Your goal => Write each line out exactly, from the one containing "146 13a Reset" through the final line of the data, and keep pictures out of the copy.

Data segment =>
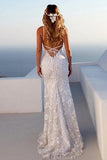 Straps Mermaid Prom Dress V Neck Formal Party Dress with Appliques PSK089 - Pgmdress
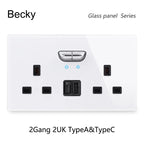 146 13a Reset Toggle Tempered Glass 2Gang UK Socket Switch Combination Panel Power Socket Office Hotel Home Villa Decoration
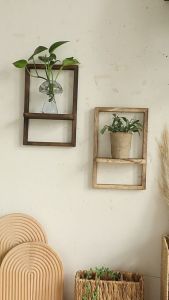 Wooden Wall Shelf Floating Display Rack Plant Stand Vase Holder Hanging Organizer Living Room Home Decor Storage Rak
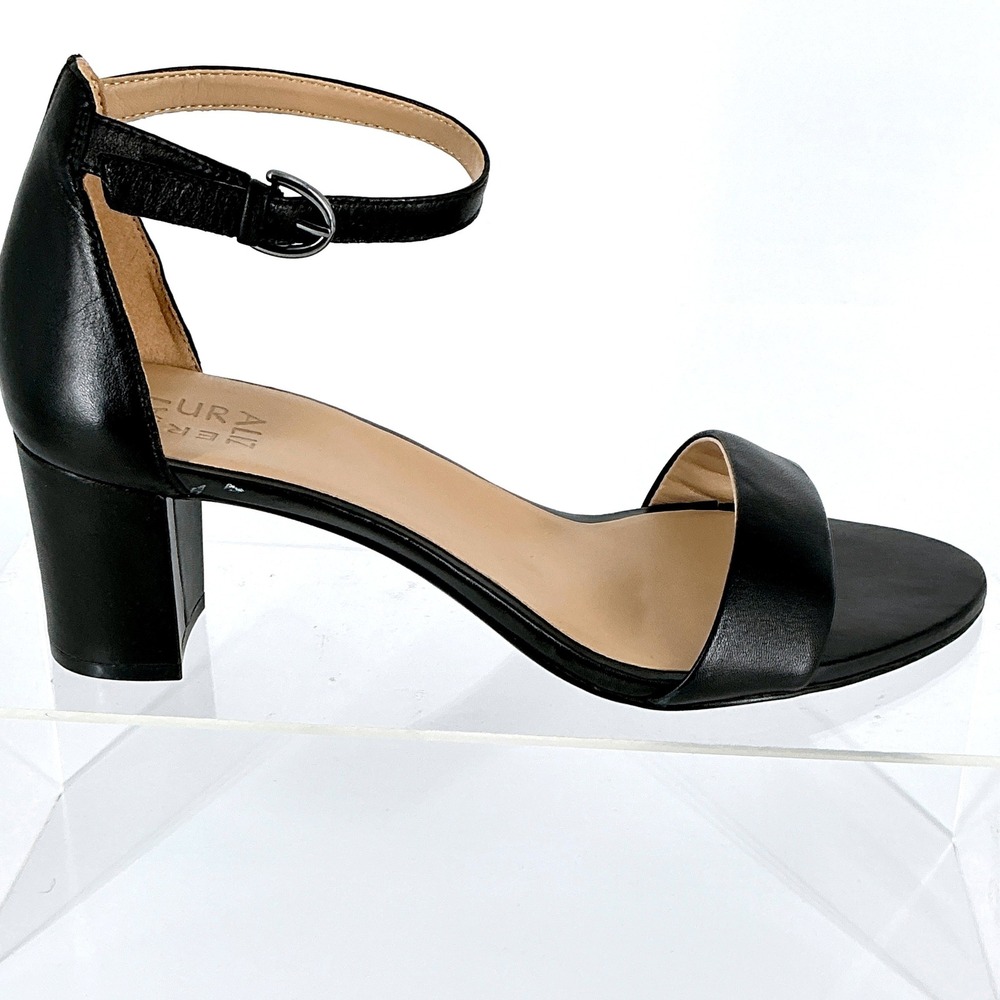 Naturalizer Black Block Heel Ankle Strap Sandals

Solution for this task =>
 146 13a Reset Toggle Tempered Glass 2Gang UK Socket Switch Combination Panel Power Socket Office Hotel Home Villa Decoration
 Wooden Wall Shelf Floating Display Rack Plant Stand Vase Holder Hanging Organizer Living Room Home Decor Storage Rak
 Naturalizer Black Block Heel Ankle Strap Sandals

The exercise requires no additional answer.